What your experiencing it totally normal for the 8.1's... they use a little oil, and they put the deposits on the spark plugs...it's just the nature of the beast.

The trick on the 8.1's is to change the plugs every 25 or 30,00 miles. Don't let them go any longer than that.

And just a note: Even if you pull them at 25 or 30,000 mi you'll still find oil deposits on them.

And heres a tip for next time: Use the AC Delco 41-993 plugs and gap them at .045 no matter what the underhood label says... it will _add power _and smooth out the idle.


----------



## Sydenstricker Landscaping (Dec 17, 2006)

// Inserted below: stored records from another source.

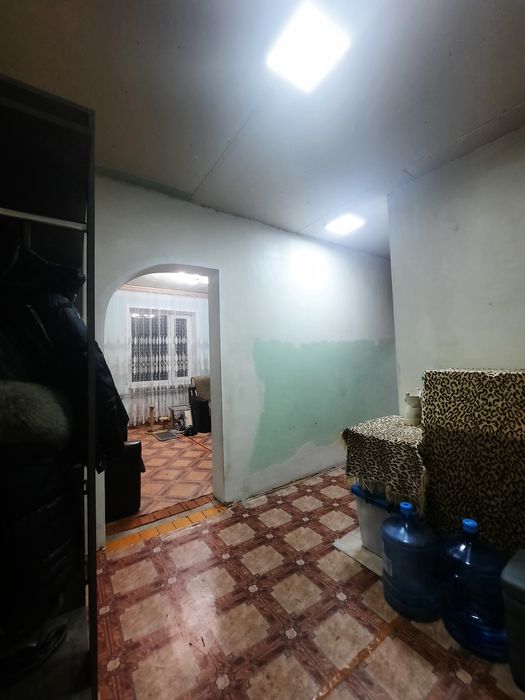 Продается 2-х комнатная квартира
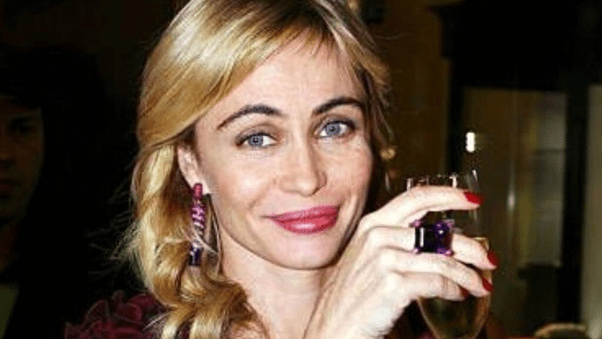 Emmanuelle Béart's $50M Net Worth & Shocking Confession About Her Plastic Surgery Regret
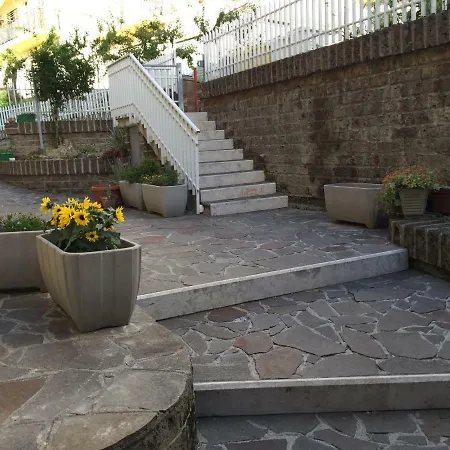 公寓 Belvedere 基耶蒂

Not to jack this thread, but since we are on plugs, is that plug similar for the 6.0?? And is the oil consumption the same as well? Just wondering, and no sense in starting the same thread for a different engine


----------



## bike5200 (Sep 4, 2007)

Sydenstricker Landscaping;480017 said:


> Not to jack this thread, but since we are on plugs, is that plug similar for the 6.0?? And is the oil consumption the same as well? Just wondering, and no sense in starting the same thread for a different engine


That fine with me, we are one big happy family here, right 

Hey, I know how snowless feels too

Steve


----------



## B&B (Nov 4, 2006)

Sydenstricker Landscaping;480017 said:


> Not to jack this thread, but since we are on plugs, is that plug similar for the 6.0?? And is the oil consumption the same as well? Just wondering, and no sense in starting the same thread for a different engine


Tom, the 41-993's are in fact the same replacement plug that the 6.0's now use. (Delco recently changed some of their p/n's around)

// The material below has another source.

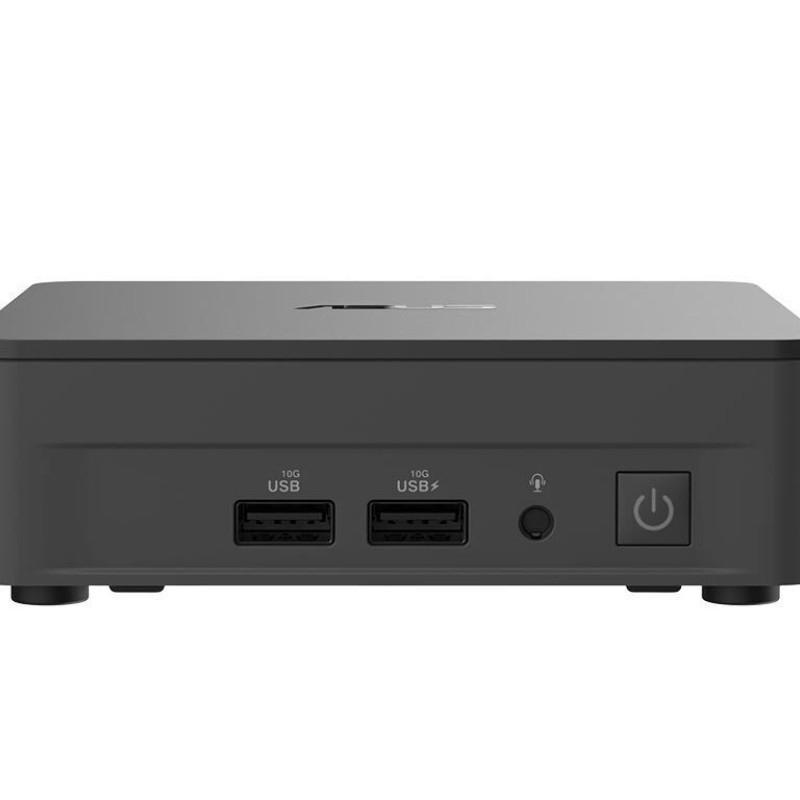 Asus NUC 13 Pro Kit RNUC13ANKI500002I Barebone (Core i5-1340P)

The 6.0's don't have the common oil consumption issue that the 8.1's are noted for. You can close the gap up a bit on the 6.0's though.. but it doesn't make as much of a difference as it does on the 8.1's.


----------



## bike5200 (Sep 4, 2007)

B&B couple of questions

Is that 41-993 a colder or hotter plug?

Is that plug less expensive than the AC Delco plugs that are for the truck?

The dealer parts counter gave me a 41-983

Steve


----------



## B&B (Nov 4, 2006)

bike5200;480068 said:


> B&B couple of questions
> 
> Is that 41-993 a colder or hotter plug?
> 
> Steve


 They're _slightly_ colder.. which helps to keep it out of detonation. 
The 8.1's are _very_ sensitive to detonation, and as soon as it sense's it the ECM will pull a _ton_ of timing out....hurting the power in the process. The more things you can do to keep it from detonating, the stronger it will run. Another cheap and easy power helper on them is to run a 180* thermostat. Cooler combustion chamber temps cuts back on the detonation as well.



bike5200;480068 said:


> Is that plug less expensive than the AC Delco plugs that are for the truck?


No they're about the same price depending of course on where you buy them.Generally around $5-$6 or so..


----------